Understatement, so rare in current country production, burnishes “The Touch,” a song that promises lasting love. “As long as we’re together, it’s more than enough,” Ashley Monroe sings over Marty Stuart’s lone acoustic guitar, which is virtually the only accompaniment for the first half of the track. Harmonies blossom and more guitars (and Shelby Lynne on bass) eventually join, but the mood stays pristine.

Wisin and Kapo, ‘Luna’

“Luna” hits a very sweet spot between Afrobeats and reggaeton as Wisin, from Puerto Rico, and Kapo, from Colombia, harmonize on a friendly flirtation: “Just you and me in this room on a trip to the moon.” The production (by Daramola, a Nigerian musician based in Miami, and Los Legendarios, from Puerto Rico) is an ever-changing matrix of percussion sounds, electronics and vocal harmonies arriving from all directions. It’s pure ear candy.

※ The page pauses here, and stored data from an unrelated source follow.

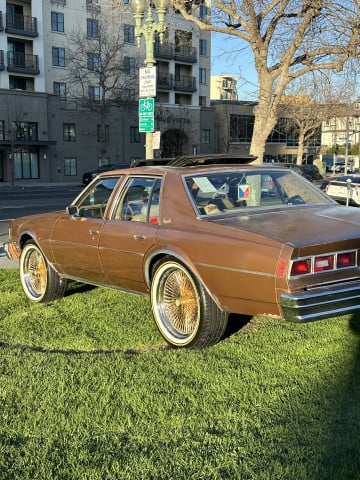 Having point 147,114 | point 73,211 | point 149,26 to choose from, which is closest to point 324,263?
point 73,211

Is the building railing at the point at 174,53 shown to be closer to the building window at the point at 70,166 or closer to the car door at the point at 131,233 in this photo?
the building window at the point at 70,166

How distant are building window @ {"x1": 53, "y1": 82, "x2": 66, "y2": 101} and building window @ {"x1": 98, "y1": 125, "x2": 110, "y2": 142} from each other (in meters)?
4.21

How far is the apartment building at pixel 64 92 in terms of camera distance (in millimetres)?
44750

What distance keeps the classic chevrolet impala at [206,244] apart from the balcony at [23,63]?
42.6m

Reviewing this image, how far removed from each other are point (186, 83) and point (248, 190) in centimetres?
5464

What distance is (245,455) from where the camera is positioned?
296 cm

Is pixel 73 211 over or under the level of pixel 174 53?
under

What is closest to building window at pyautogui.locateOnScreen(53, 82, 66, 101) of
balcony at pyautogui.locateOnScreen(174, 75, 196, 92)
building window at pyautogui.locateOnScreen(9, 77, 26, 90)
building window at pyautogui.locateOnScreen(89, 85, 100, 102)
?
building window at pyautogui.locateOnScreen(89, 85, 100, 102)

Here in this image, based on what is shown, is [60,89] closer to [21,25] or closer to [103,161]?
[21,25]

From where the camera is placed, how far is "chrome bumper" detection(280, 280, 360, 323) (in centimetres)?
382

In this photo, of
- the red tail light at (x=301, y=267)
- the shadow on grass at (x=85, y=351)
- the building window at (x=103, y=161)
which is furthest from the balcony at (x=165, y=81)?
the red tail light at (x=301, y=267)

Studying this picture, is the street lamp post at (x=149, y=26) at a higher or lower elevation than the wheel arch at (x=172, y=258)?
higher

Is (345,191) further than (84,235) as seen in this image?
Yes

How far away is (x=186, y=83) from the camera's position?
2256 inches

Young Thug featuring Future, ‘Money on Money’

Young Thug ended his role in the longest trial in Georgia history, and two years in jail, in 2024 with guilty pleas and 15 years of probation. His first new single, after some guest spots, reclaims very familiar turf: a minor-key trap production, a longtime collaborator (Future) and boasts about money, sex and cars. Only a few lines — “I been in the trenches filled with hyenas” — hint at the hiatus.

The English songwriter Emma-Jean Thackray probes unhealthy mental states with upbeat, jazzy grooves on her new album, “Weirdo.” In “Maybe Nowhere,” a sense of dissociation and futility — “What if I stay? / No one was ever here anyway” — leads her to contemplate oblivion: “Are you beyond or maybe nowhere? / Maybe I’ll join you in the beyond.” She assembles a thick-chorded funk track around a rugged, distorted bass line, countering despair with craftsmanship.

The genre-crunching English band Squid confronts book-burning and surveillance in “The Hearth and Circle Round Fire,” a postscript to its furious album “Cowards.” Distorted bass riffs, turntable scratching and sputtery drumming give way, briefly, to British brass-band stolidity. Then the churning resumes, along with the bitterness of the vocals: “Ring around the flames.” A droning, minute-long coda surveys the ashes.